Today, it’s easier than ever for consumers to save money while at the same time being kind to the environment. Many programs now exist that enable heating oil consumers to upgrade to more efficient, environment-friendly heating equipment while at the same time, saving money.

“All of the Energy Communications Council* member states have programs that offer incentives to help consumers upgrade their oil heating systems and improve the overall energy efficiency of their homes in a cost-efficient manner,” said Kevin Rooney, ECC Chairman and CEO at the Oil Heat Comfort Corp. “The heating oil industry is consistently putting out more efficient equipment and cleaner fuels. Customers can access those innovations by taking advantage of the many incentive programs out there.”

New York State
In Rooney’s state of New York, the NYS Energy Research and Development Authority (commonly known as “NYSERDA”) offers several programs to residents, including the Home Performance with ENERGY STAR® program which offers free home efficiency assessments and low-interest financing to qualified customers, and the Green Residential Building Program that offers incentives to the owners of residential dwellings to build or upgrade existing homes to be more environmentally-friendly.

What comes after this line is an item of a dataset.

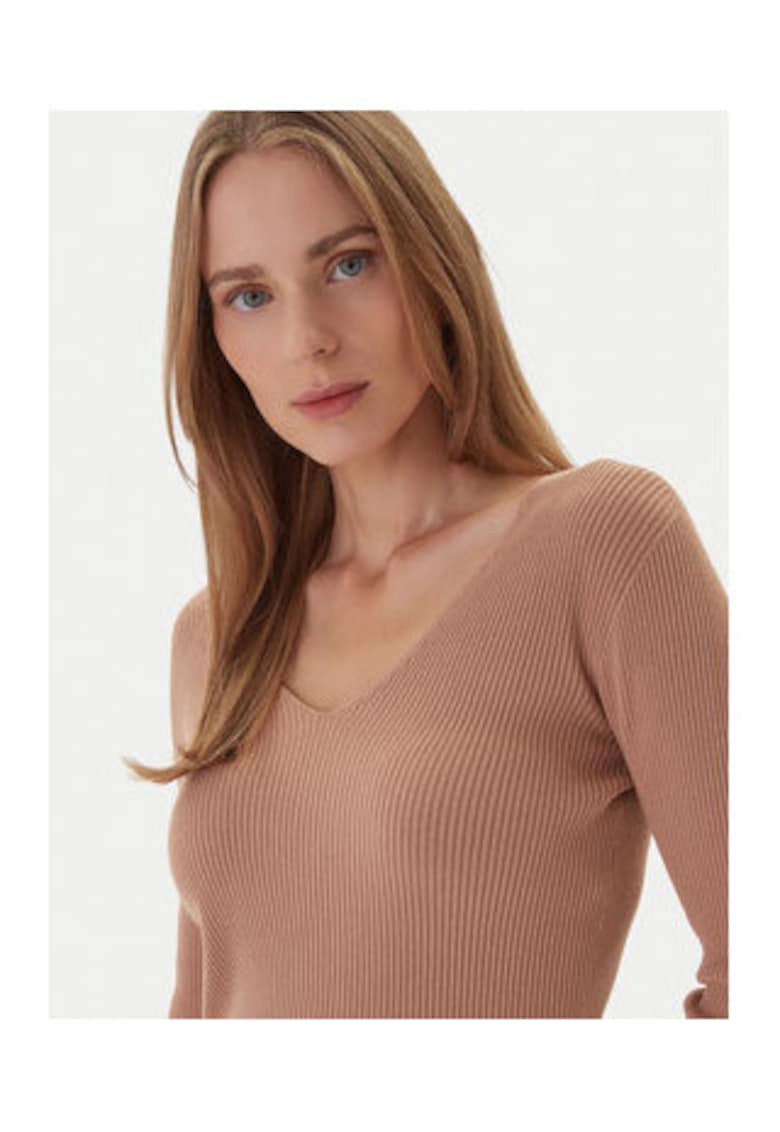 Pulover dama -  Bej - 63% viscoza - 37% poliamida -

And that’s not all. “On Long Island, we also have our own Energy Smart program,” said Rooney. “This is a partnership between the Oil Heat Comfort Corp, Long Island Green and the Collaborative Energy Group; it is specifically designed for heating oil consumers interested in retrofitting their home to use less energy.”

New York, like many other states across the country, also has specific energy efficiency and upgrade programs geared towards low-to-moderate income consumers, most of which are offered through programs similar to the state’s Home Energy Assistance Program (HEAP). Consumers may explore these programs by contacting their local Community Action Plan agency.

In Massachusetts, an initiative aptly named MassSave, aims to provide interested consumers with free home energy assessments, reduced-cost weatherization measures, zero-interest financing and more. “Two of the Commonwealth’s biggest utilities have extended an “Early Boiler Replacement Rebate” program to eligible customers who want to proactively upgrade an aging boiler,” said Michael Ferrante, President of the Massachusetts Oilheat Council and ECC Member. “And heating oil customers have been taking full advantage.”

Legislative Intervention
State governments have been weighing in as well, attempting to enact legislation that ensures equality among homeowners seeking to increase their home’s efficiency. States aware that heating oil consumers may be less apt to procure utility-based incentives have begun to consider legislative measures that would ensure access to the same benefits as other fuel source consumers. Rooney is supportive of such measures: “Such considerations are a definite step in the right direction. It helps to ensure that all consumers are treated equally; we’d like to see more of that.”

All States
ECC reminds consumers that, although most efficiency programs are offered either directly through or in cooperation with the local utilities, they are not only for natural gas and electric heat consumers. “Today – whether their house uses oil, natural gas, propane or solar – everyone can use a little help when it comes to saving energy. We should do our best to ensure that financial incentives to improve energy efficiency are available to those who wish to take advantage,” Rooney said.

*For the purposes of this release, the ECC is comprised of the Massachusetts Oilheat Council and the Oil Heat Comfort Corp, and is funded by NORA.

National Oilheat Research Alliance ECC is funded in part through the National Oilheat Research Alliance.